* _Exercise goal_
For the records below, please print exactly and only the lines from the one with "Politically MHR <a" down to the one with "Aunque hoy anunció", both ends included, omitting the pictures.

* _Provided material_
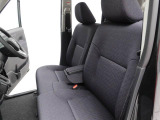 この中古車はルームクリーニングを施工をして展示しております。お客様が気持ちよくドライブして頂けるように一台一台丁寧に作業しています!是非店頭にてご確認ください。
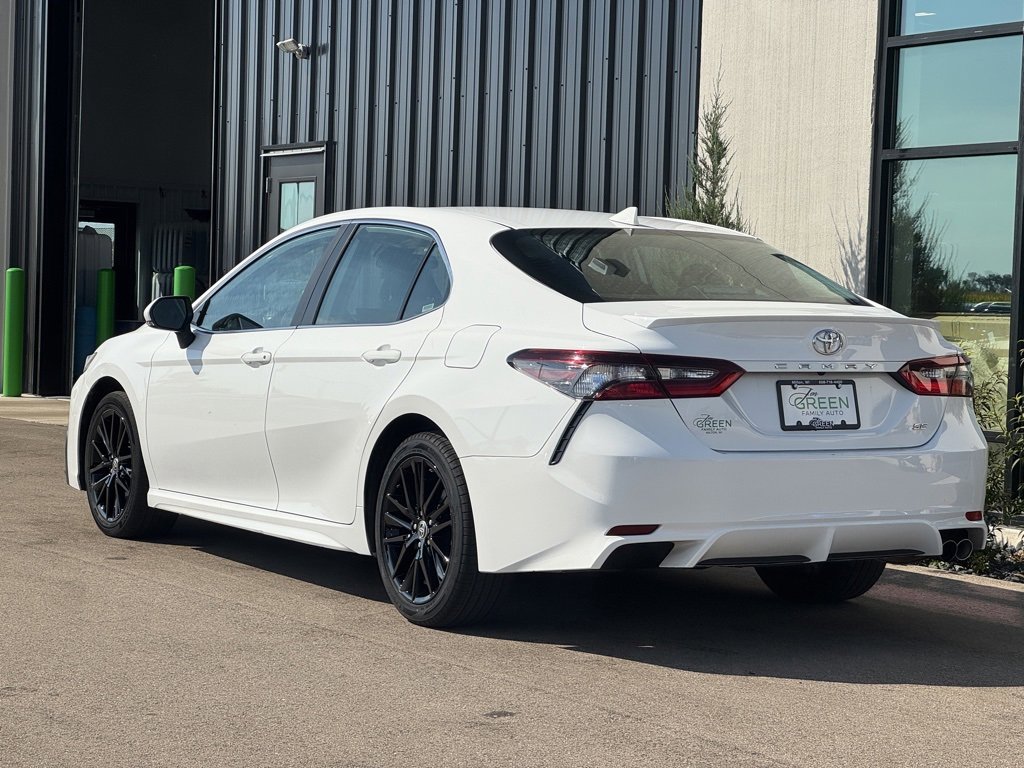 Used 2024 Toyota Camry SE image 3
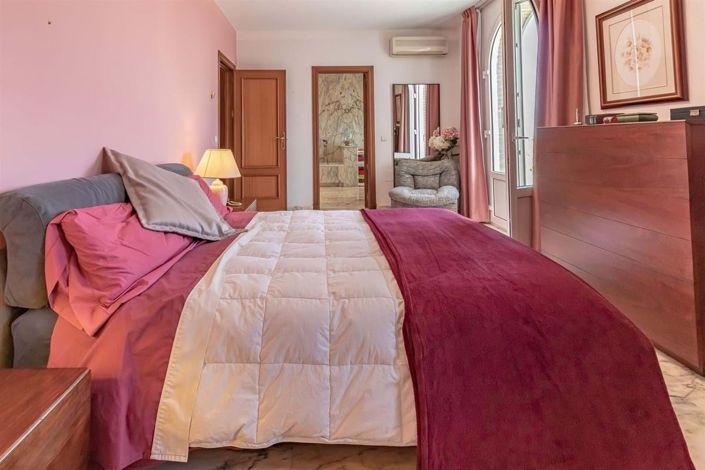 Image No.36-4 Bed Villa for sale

...

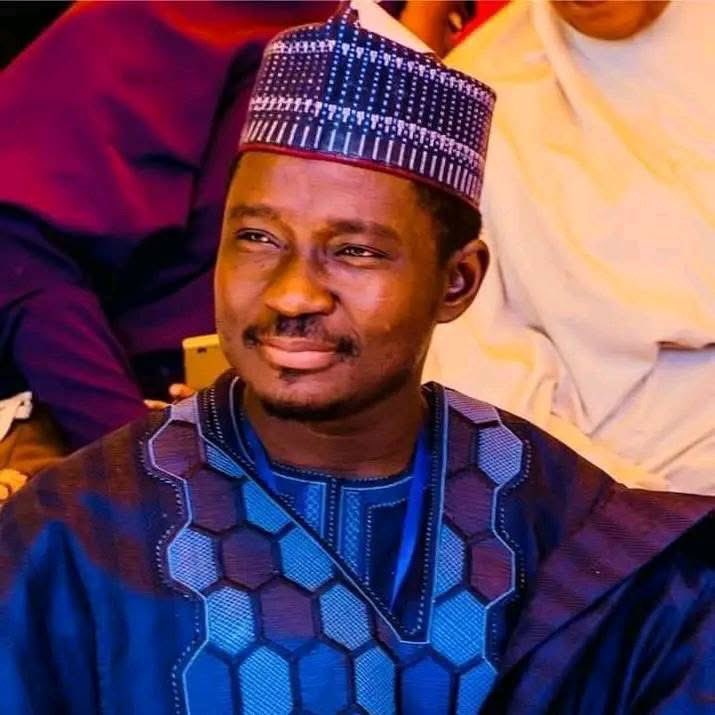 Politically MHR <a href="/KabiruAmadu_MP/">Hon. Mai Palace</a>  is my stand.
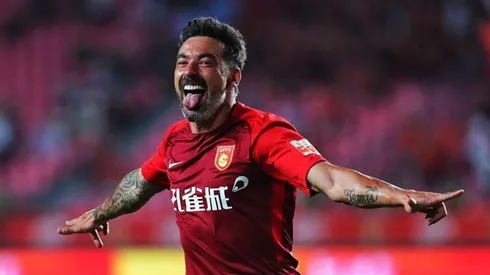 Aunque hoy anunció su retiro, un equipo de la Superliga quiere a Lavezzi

* _Task answer_
 Politically MHR <a href="/KabiruAmadu_MP/">Hon. Mai Palace</a>  is my stand.
 Aunque hoy anunció su retiro, un equipo de la Superliga quiere a Lavezzi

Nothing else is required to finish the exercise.